Nous envisageons la dynamique de cette structuration au regard 1) d'un processus de construction de communauté discursive emprunté aux sciences du langage 2) du point de vue des contributions particulières liées aux rôles occupés par les acteurs. Dans la suite des travaux de Bernié, Jaubert et Rebière (2004), les communautés discursives traduisent une manière d'agir, de penser, de parler qui est propre à une activité sociale spécifique. Le partage des activités, les objets de discours, les usages langagiers et les genres de discours mobilisés nourrissent la construction de ces communautés discursives[1] disciplinaires, ici professionnelles. Par ailleurs, les échanges auxquels contraint le scénario de recherche collaborative amènent chacun à mettre en position d'objets les évènements d'apprentissage vécus au cours des interventions didactiques. Les points de vue liés à des rôles différents se croisent en amenant les différents membres de l'équipe à les reprendre et à les transformer dans des contextes nouveaux. La référence Vygotsky (2003) aide à penser cette seconde dynamique. Il attribue à la prise de conscience la redécouverte d'un objet dans un nouveau contexte qui l'amène à le voir autrement et à mieux le comprendre.

Méthodologie

La démarche globale de la recherche emprunte au scénario des séquences forcées (Orange, 2010) en ce qu'elles cherchent à produire des phénomènes didactiques dans la classe pour mieux les comprendre. En plus des trois phases évoquées à l'échelle d'une année, entre chaque leçon d'une séquence, l'équipe débriefe, analyse la leçon passée et projette l'intervention lors de la leçon suivante. Ces différentes temporalités permettent d'apprécier les dimensions stratégiques à l'échelle annuelle et les aspects plus « tactique » sur le suivi interactif dans le déroulement de la séquence. Il s'agit ainsi d'accéder 1) aux évolutions et aux dynamiques évolutives de la construction de techniques d'intervention didactiques, 2) à la contribution respective des acteurs du point de vue des rôles qu'ils occupent. Le corpus croise plusieurs types de données.

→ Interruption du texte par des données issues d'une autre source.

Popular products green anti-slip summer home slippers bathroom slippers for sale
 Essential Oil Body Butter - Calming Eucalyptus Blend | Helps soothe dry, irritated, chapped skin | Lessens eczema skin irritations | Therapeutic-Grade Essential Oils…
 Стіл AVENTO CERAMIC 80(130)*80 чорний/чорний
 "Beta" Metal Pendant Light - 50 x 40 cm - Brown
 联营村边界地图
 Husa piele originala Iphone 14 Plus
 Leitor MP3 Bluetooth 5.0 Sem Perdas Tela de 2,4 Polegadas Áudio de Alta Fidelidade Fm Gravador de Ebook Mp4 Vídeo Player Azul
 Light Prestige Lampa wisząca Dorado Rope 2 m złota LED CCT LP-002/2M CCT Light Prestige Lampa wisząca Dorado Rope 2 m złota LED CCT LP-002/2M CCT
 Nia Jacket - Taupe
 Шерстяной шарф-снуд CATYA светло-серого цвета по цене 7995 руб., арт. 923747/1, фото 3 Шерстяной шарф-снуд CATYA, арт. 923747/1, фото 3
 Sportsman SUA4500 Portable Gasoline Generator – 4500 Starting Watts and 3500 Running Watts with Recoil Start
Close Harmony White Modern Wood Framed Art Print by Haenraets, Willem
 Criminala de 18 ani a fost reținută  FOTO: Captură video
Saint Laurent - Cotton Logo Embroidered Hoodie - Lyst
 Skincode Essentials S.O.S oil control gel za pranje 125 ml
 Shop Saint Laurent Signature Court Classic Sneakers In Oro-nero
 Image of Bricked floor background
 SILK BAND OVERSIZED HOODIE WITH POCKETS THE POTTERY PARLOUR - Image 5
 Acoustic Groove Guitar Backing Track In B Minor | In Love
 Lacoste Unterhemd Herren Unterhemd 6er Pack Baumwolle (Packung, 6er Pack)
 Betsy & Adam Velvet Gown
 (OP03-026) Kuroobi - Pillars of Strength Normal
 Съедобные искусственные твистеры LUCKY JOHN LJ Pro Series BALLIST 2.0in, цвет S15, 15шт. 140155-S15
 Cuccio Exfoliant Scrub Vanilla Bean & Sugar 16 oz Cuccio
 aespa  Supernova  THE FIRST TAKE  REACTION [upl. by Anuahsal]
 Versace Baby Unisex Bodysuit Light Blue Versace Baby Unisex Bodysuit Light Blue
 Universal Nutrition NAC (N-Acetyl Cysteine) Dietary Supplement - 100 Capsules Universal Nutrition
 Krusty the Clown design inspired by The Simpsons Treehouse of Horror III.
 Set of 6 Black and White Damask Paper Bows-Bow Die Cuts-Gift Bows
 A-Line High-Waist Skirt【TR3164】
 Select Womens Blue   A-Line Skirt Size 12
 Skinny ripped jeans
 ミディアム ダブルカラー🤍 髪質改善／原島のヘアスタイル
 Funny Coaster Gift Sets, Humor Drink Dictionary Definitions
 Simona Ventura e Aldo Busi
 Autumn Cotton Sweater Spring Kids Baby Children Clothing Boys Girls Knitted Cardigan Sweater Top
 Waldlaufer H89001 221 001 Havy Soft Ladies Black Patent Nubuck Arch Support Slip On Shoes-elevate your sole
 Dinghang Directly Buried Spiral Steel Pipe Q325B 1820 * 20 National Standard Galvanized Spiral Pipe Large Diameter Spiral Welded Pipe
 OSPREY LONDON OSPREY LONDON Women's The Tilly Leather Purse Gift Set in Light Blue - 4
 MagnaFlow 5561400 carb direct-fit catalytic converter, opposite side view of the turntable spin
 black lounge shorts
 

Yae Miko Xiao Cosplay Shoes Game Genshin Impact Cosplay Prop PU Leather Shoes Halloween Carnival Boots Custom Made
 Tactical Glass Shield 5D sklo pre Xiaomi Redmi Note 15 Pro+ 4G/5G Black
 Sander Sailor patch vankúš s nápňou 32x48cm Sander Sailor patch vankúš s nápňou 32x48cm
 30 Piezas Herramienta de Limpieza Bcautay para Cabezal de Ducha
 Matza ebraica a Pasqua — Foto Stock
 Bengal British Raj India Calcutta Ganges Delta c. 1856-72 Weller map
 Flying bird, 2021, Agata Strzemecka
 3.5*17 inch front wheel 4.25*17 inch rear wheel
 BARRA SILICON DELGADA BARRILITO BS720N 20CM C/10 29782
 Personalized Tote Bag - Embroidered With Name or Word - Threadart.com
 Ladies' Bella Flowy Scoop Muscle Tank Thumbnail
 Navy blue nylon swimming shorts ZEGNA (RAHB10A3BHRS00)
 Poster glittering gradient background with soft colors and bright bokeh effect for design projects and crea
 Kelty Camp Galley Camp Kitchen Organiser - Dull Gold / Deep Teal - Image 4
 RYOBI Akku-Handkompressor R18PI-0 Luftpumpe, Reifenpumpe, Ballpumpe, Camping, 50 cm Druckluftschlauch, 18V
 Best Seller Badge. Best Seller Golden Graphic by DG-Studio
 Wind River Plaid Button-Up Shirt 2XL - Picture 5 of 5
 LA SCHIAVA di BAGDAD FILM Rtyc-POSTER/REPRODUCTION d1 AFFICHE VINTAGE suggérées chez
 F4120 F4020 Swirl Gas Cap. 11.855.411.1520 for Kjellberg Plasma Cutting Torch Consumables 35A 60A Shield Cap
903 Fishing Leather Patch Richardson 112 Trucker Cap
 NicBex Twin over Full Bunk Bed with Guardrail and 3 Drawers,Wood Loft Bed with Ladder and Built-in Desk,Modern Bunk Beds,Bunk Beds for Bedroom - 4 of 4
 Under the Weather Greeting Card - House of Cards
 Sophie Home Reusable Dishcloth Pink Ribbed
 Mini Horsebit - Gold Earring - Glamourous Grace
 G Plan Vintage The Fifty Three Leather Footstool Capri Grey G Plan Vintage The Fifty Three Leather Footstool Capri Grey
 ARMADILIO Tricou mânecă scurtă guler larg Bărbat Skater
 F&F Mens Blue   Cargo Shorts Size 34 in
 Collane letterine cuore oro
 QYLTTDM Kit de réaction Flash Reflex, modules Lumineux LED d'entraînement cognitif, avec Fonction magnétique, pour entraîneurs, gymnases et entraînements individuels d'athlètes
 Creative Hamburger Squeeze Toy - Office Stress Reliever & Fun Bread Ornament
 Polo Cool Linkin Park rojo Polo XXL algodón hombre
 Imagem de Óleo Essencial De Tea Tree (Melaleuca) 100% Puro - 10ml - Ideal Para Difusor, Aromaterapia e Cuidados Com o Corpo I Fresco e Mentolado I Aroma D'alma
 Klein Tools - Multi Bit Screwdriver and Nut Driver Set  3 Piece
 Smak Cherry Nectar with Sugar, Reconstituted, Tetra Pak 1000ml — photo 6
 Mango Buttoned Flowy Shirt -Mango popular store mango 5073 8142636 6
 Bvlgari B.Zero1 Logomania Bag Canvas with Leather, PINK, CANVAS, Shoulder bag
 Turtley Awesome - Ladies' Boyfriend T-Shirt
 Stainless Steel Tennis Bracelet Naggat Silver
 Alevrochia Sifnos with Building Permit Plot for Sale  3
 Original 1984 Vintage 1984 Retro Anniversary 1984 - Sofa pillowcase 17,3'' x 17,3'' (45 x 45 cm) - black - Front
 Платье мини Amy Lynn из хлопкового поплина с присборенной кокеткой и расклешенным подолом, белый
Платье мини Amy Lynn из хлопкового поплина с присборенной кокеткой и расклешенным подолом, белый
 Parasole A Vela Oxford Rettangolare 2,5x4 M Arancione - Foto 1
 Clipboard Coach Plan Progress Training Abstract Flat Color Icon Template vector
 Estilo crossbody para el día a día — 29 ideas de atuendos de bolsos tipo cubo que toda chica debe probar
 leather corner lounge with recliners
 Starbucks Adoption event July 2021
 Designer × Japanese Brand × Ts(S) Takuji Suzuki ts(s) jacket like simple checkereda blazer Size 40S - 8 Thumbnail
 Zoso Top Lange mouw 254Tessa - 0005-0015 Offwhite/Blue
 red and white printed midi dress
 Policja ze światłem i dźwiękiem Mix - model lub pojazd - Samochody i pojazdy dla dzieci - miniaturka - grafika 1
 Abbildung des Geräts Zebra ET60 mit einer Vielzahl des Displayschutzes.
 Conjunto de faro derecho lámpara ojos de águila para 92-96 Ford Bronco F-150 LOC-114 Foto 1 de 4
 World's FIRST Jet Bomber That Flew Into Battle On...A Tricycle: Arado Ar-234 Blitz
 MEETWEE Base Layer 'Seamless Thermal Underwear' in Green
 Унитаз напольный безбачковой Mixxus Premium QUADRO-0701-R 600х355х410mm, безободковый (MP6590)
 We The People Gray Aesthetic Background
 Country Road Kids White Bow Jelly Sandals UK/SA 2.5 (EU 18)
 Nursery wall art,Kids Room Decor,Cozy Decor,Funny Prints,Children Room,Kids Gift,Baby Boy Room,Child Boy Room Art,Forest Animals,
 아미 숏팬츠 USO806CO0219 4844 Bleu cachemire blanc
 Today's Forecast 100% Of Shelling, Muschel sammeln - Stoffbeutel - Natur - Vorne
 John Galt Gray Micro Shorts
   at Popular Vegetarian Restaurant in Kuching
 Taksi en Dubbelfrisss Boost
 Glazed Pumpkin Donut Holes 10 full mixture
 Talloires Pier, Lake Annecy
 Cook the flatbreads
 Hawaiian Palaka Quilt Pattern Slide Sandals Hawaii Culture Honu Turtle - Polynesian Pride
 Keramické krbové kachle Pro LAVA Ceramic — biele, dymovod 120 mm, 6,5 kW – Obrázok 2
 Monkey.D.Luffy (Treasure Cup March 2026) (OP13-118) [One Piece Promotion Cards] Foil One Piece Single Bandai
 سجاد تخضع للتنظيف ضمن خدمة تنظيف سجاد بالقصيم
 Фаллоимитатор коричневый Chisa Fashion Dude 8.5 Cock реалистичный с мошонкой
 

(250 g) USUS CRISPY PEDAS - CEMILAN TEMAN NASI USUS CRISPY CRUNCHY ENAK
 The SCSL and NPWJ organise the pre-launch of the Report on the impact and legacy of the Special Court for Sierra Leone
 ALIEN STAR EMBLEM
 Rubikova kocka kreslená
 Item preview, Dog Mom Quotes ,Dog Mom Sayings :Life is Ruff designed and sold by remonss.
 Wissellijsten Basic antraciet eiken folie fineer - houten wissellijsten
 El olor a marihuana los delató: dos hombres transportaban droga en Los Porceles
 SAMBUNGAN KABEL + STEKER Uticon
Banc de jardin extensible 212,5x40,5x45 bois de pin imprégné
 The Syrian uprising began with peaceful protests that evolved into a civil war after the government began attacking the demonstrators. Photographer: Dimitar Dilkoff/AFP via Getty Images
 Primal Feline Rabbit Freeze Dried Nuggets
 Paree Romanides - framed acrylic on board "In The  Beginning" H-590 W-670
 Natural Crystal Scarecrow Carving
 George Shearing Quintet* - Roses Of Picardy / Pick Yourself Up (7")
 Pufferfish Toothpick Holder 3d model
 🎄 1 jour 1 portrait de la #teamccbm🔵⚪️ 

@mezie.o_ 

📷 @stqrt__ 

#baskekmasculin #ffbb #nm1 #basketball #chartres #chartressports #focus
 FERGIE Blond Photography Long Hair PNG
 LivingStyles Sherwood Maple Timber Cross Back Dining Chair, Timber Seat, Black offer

- Les débats de conception

- Les vidéos des tentatives de mise en œuvre

- Les débriefings inter-leçon.

Résultats attendus

La boucle 2022-2023 et les analyses de la boucle 2021-2022 sont en cours. Les résultats portent sur les contributions respectives des différents acteurs à la prise en charge du problème dans le croisement de plusieurs registres 1) celui de l'argumentation et des activités argumentatives qui génèrent des processus de co-construction des techniques en même temps qu'elles font évoluer les acteurs 2) celui des positions sociales (postures) et épistémiques (faits, concepts et hypothèses) liées aux différents rôles que fait vivre le projet 3) celui épistémique lié à la mobilisation de références relatives à des formalisations didactiques, des travaux sur l'apprentissage ou le savoir en jeu. 

 

Références bibliographiques

Bernié J.-P., Jaubert M., Rebière M. (2004). « L'hypothèse 'communauté discursive' : d'où vient-elle ? Où va-t-elle ? », in Les cahiers Théodile 4, Université Charles-de-Gaulle-Lille 3, 51-80.

Fabre, M. (2009). Philosophie et pédagogie du problème, Paris, Vrin.

Lebouvier, B., Ouitre, F., & Briaud., Ph. (2016). Aider les enseignants débutants à problématiser la conception de situations d'enseignement-apprentissage. Recherche en Education, Hors-Série n° 9. http://www.recherches-en-education.net/

Morrissette, J., Pagoni, M. et Pepin, M. (2017). Les recherches collaboratives en éducation et en formation. Référents théoriques, outils méthodologiques et impacts sur les pratiques professionnelles. Phronesis, 6, n° 1-2.

Orange, C. (2002). Apprentissages scientifiques et problématisation, Les Sciences de l'éducation, pour l'ère nouvelle, 35 ,1, 25-42.

Vygotsky, L. (2003). Conscience, inconscient, émotions (F Sève et G Fernandez trad).